What is needed - In the entries that follow, find the line containing "Siyah Bisiklet Yaka" and the line containing "English Elm Cast", then retype exactly the lines from the first through the second, pictures excluded.

Supplied entries -
☆ ☆ ☆ ☆
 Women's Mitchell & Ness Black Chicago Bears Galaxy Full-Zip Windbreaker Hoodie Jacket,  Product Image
☆ ☆ ☆ ☆
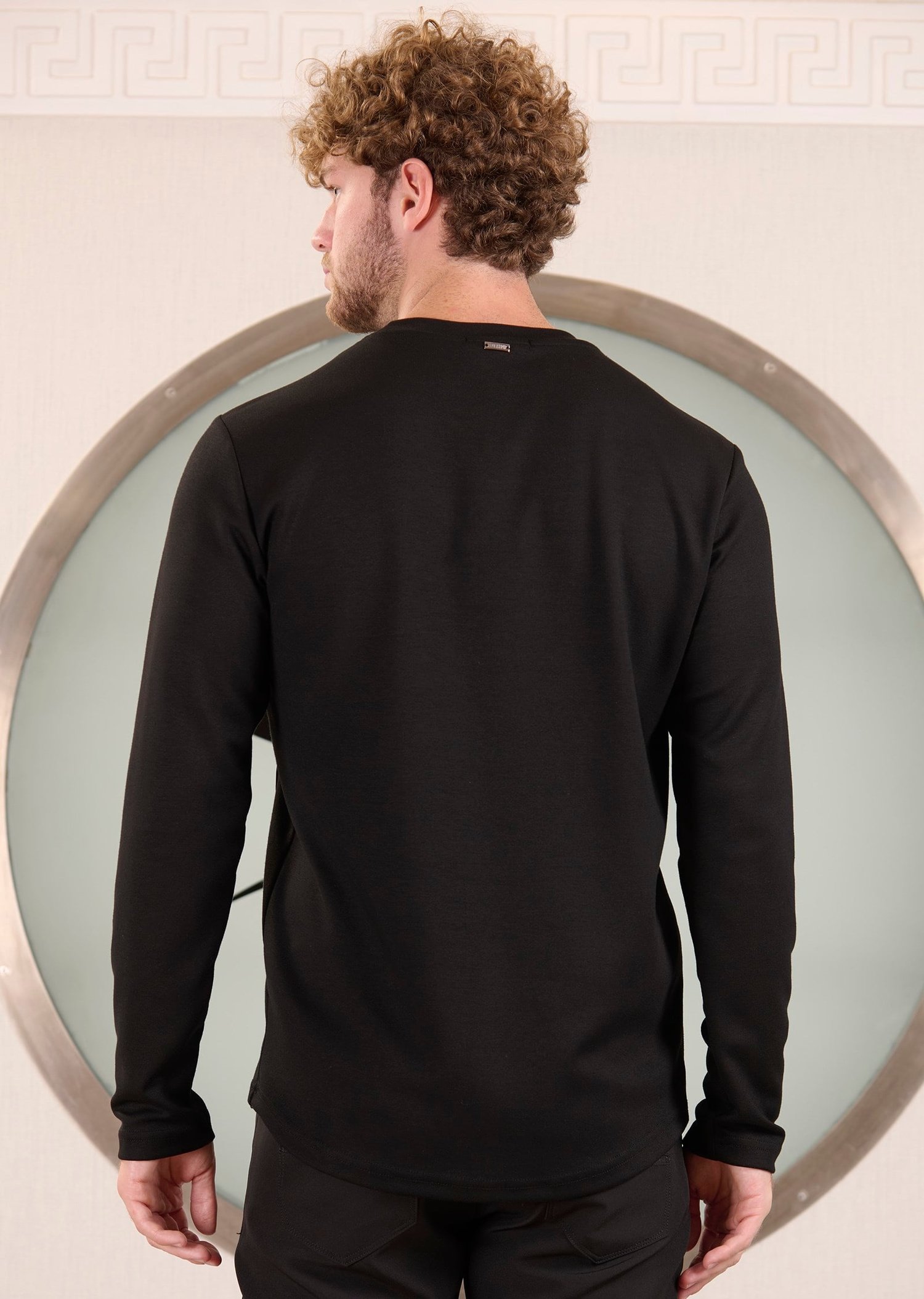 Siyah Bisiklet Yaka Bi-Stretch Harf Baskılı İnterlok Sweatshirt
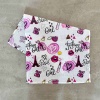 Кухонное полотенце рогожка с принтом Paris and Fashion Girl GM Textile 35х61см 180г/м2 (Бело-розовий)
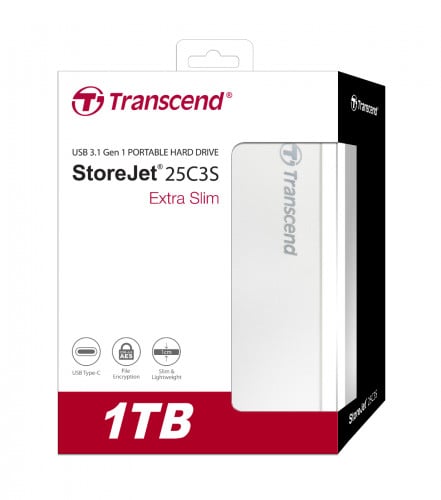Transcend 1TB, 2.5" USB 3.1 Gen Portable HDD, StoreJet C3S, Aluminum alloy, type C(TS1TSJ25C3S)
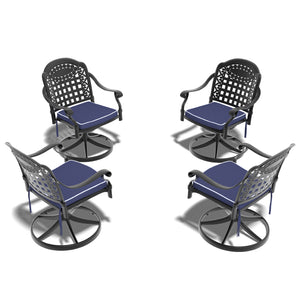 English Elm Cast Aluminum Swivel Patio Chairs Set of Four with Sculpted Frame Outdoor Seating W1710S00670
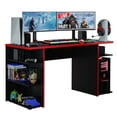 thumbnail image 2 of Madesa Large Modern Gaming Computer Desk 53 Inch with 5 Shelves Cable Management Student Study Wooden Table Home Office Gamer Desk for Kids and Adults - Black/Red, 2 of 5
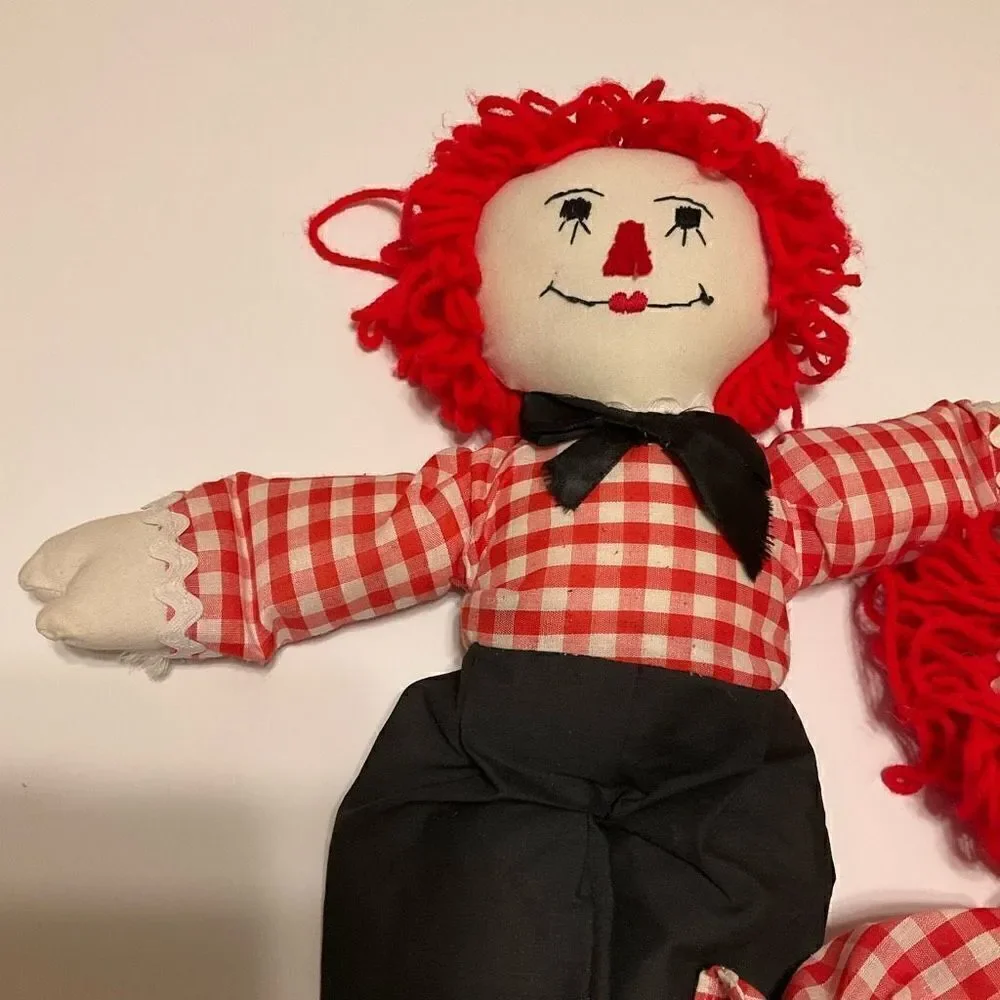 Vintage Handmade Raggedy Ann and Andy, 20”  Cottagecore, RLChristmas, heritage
☆ ☆ ☆ ☆
Answer area -
 Siyah Bisiklet Yaka Bi-Stretch Harf Baskılı İnterlok Sweatshirt
 Кухонное полотенце рогожка с принтом Paris and Fashion Girl GM Textile 35х61см 180г/м2 (Бело-розовий)
Transcend 1TB, 2.5" USB 3.1 Gen Portable HDD, StoreJet C3S, Aluminum alloy, type C(TS1TSJ25C3S)
 English Elm Cast Aluminum Swivel Patio Chairs Set of Four with Sculpted Frame Outdoor Seating W1710S00670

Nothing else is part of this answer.